Netflix’s latest episode of television is an experiment in storytelling that will be familiar to people who are familiar with video games (or Choose Your Own Adventure books). The company launched an interactive TV show today, the first in a series of efforts that will allow viewers to decide which turns a story takes.
The first interactive offering from Netflix is Puss in Book: Trapped in an Epic Tale, a 23-minute spinoff of the Netflix kids series The Adventures of Puss in Boots. (The show’s titular cat originated in DreamWorks Animation’s Shrek film franchise; he starred in his own spinoff movie, Puss in Boots, in 2011.) Trapped in an Epic Tale lets viewers dictate the progression of the episode’s story, asking them questions like, in an encounter with strangers, “Should Puss fight them valiantly, or chitchat with them over tea?”
Netflix will soon expand its library with additional interactive shows. Buddy Thunderstruck: The Maybe Pile, an extension of the Netflix original series Buddy Thunderstruck, is set to premiere July 14. The third title is Stretch Armstrong: The Breakout, which will be a follow-up to this year’s upcoming animated series Stretch Armstrong & the Flex Fighters. Netflix said The Breakout is coming in 2018.
You may have noticed that all three of Netflix’s initial interactive shows are geared toward children, and the company did that for a reason: Consider the fact that Dora the Explorer asks kids to yell “Swiper, no swiping” at their TVs.
“The children’s programming space was a natural place for us to start since kids are eager to ‘play’ with their favorite characters and already inclined to tap, touch and swipe at screens,” said Carla Engelbrecht Fisher, Netflix’s director of product innovation, in a blog post today. “They also talk to their screens, as though the characters can hear them.”

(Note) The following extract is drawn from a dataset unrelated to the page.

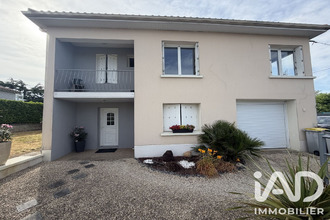 achat maison parthenay 79200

Puss in Book: Trapped in an Epic Tale is available on a wide variety of devices that offer the streaming service. But at the moment, interactive shows will not function on Android, Apple TV, Chromecast or the Netflix website. You can still watch them on unsupported platforms — they’ll just revert to a traditional linear version without choices.
Netflix isn’t the only streaming service to explore interactive TV. Twitch is also looking to get into the field, the company said earlier this year.